● **Problem details**: What you return must match, exactly, the lines running from the one containing "Внедорожник / Кроссовер" to the end of the data, both included, and must contain no pictures.
___
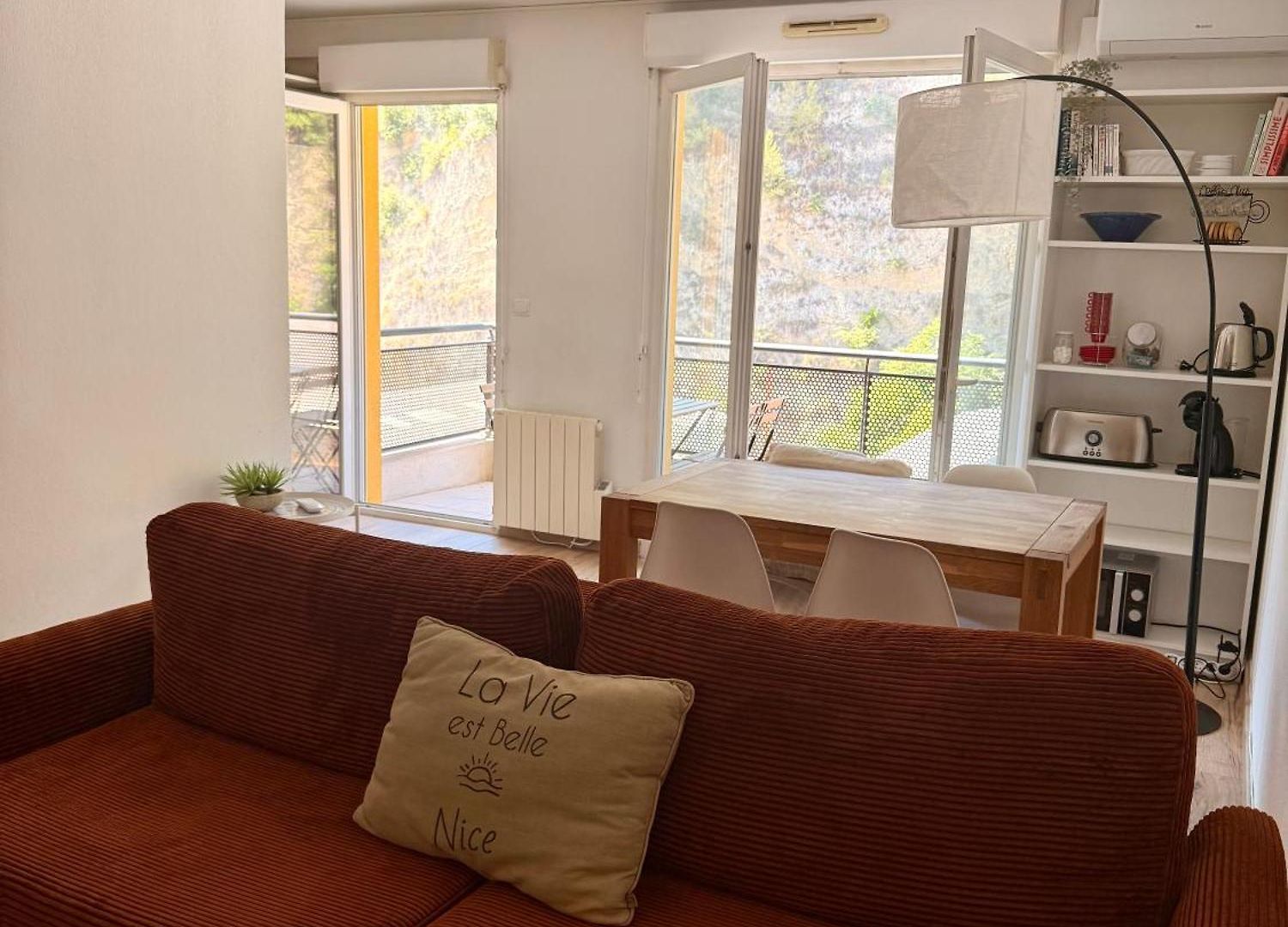 Magnificent Renovated Apartment, 2 Of 45 M2, Close Tothe Sea, Floor, Terrace *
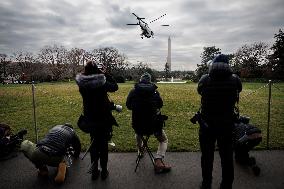 US President Biden hold a White House departure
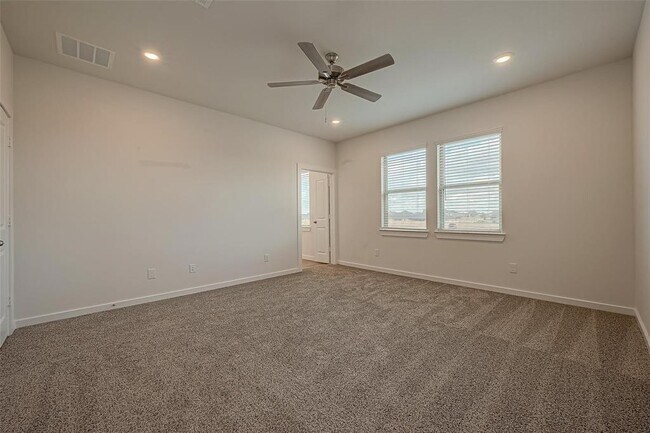 Building Photo - 17110 Pentland Hls Wy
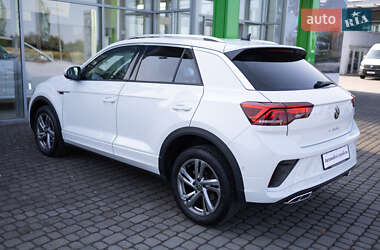 Внедорожник / Кроссовер Volkswagen T-Roc 2022 в 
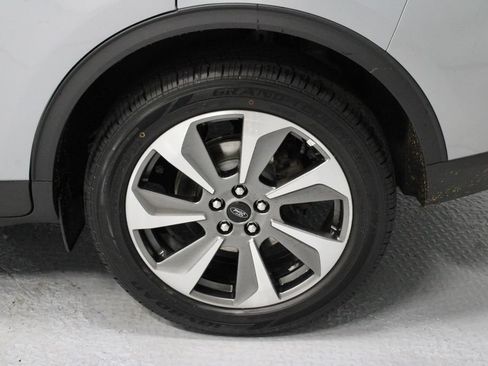 Used 2023 Ford Escape Platinum AWD/4WD image 19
___
● **Response box**:
 Внедорожник / Кроссовер Volkswagen T-Roc 2022 в 
 Used 2023 Ford Escape Platinum AWD/4WD image 19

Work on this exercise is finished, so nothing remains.